Editor’s Note: This month we featured a series on “How Many Is Too Many” when it comes to the number of horses on your farm or at your stable. First we focused on “How Much Land is Needed Per Horse?” Then we discussed “How to Make Extra Horses Pay for Themselves.” The next article was “When is it Time to Sell Extra Horses?”
“Basically, there are two types of people in the horse business, those who view horses as an investment/business and those who are more emotionally involved than profit centered (the latter is a much larger group),” said Mike Yoder, extension assistant professor and specialist extension horse husbandry at North Carolina State University.

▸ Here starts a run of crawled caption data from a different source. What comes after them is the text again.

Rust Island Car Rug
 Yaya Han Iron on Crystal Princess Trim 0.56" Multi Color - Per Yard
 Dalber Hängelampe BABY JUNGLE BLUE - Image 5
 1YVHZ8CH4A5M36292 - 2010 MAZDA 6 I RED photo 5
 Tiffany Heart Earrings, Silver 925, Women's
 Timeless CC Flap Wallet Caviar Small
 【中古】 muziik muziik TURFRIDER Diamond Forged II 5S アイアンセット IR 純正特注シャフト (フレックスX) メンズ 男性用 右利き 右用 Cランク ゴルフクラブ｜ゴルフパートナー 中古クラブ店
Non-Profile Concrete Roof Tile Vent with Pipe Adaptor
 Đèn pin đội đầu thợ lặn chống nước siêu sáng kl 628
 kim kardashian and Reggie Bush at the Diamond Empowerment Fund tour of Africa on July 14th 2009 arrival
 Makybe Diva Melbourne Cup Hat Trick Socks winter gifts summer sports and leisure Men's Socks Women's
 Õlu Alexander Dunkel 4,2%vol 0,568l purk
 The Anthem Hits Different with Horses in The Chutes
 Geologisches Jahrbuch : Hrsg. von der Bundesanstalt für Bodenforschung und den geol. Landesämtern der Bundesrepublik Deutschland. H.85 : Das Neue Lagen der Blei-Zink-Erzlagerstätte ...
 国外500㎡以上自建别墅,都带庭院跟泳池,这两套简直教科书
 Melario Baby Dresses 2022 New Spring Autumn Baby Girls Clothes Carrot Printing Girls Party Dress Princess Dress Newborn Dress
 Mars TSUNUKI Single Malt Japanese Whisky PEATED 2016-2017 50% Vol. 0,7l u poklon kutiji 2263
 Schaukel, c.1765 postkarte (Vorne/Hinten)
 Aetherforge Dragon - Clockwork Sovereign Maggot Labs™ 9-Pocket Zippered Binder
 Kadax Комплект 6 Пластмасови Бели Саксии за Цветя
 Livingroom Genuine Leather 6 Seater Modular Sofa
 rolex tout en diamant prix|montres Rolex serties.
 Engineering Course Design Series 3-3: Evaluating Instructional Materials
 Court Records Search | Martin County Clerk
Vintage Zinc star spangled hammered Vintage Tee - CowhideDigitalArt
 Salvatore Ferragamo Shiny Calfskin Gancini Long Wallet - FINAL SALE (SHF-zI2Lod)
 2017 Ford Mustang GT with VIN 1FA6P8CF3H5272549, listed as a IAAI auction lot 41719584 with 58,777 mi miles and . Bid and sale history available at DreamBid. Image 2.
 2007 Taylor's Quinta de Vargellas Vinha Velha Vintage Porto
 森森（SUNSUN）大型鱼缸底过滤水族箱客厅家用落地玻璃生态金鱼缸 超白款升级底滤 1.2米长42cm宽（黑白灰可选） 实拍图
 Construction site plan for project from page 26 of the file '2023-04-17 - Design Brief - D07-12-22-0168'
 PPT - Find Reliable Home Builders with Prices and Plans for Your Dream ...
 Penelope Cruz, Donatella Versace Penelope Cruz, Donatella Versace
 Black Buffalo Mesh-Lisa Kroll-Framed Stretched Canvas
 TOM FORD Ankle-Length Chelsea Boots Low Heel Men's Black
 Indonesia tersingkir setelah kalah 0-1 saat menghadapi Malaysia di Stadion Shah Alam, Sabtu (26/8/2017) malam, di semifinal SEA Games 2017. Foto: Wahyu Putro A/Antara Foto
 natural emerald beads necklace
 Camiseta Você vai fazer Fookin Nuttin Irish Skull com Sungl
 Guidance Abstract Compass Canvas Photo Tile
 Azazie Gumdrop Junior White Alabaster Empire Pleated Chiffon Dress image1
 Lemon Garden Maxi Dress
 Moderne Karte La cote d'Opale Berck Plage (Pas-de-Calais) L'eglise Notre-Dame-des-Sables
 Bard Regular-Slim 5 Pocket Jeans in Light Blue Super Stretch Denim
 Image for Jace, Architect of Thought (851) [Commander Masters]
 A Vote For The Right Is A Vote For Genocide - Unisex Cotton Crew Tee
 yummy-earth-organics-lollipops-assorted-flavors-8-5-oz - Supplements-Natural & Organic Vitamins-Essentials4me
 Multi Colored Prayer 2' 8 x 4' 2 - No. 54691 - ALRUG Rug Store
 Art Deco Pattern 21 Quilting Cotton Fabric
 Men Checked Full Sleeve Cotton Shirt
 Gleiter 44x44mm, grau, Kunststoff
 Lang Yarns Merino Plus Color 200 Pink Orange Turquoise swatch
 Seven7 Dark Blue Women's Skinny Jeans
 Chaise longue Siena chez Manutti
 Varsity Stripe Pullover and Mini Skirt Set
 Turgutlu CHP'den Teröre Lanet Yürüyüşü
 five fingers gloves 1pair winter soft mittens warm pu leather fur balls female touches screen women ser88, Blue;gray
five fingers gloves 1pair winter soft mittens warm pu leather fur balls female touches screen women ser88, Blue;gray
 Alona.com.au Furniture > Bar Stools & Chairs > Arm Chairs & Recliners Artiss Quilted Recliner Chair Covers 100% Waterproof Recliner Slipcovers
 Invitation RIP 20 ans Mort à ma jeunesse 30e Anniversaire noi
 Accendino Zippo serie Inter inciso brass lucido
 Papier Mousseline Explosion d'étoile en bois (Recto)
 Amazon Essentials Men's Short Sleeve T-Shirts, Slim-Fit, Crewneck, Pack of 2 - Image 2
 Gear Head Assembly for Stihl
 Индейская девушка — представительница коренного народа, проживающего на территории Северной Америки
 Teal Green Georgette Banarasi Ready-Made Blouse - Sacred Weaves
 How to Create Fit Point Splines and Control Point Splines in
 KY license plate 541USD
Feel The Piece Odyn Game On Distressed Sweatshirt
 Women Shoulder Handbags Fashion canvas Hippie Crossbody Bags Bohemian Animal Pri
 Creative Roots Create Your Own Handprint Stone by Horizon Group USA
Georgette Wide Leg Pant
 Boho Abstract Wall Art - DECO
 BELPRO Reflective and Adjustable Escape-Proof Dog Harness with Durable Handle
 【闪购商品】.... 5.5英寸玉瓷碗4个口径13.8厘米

Regardless of which group you belong to, most horse owners have some level of emotional investment in each horse, making the thought of selling them difficult.
Yoder said, “For those farms having to sell the horses because they do not have the resources to care for them, they need to ask themselves one question: Under the current circumstances, is the horse better off remaining where it is or in the care of someone who can better meet its needs?”
If the answer is the latter, selling the horse so it can receive better care, then they need to come to grips with that concept, remembering that they are doing what is best for the horse. “That is responsible horse ownership,” he added.
Let clients know a horse is for sale. If you are lucky enough to have a client purchase the horse, you have the benefit of knowing the horse will remain on the property and receive proper care.
Ask veterinarians and farriers if they know someone looking for a horse. They, too, have an animal’s best interest in mind when providing a referral.
If you end up selling to someone you don’t know, don’t hesitate to inquire about the individual’s horse experience and how the horse will be cared for.
Depending on the horse, you might want to request a contract providing you first option to buy the horse back in the event the new owner decides to sell the horse.
Parting with a horse or several horses can be emotionally challenging, but remembering the decision is in the best interest for the horse and the stable can make the decision more comforting.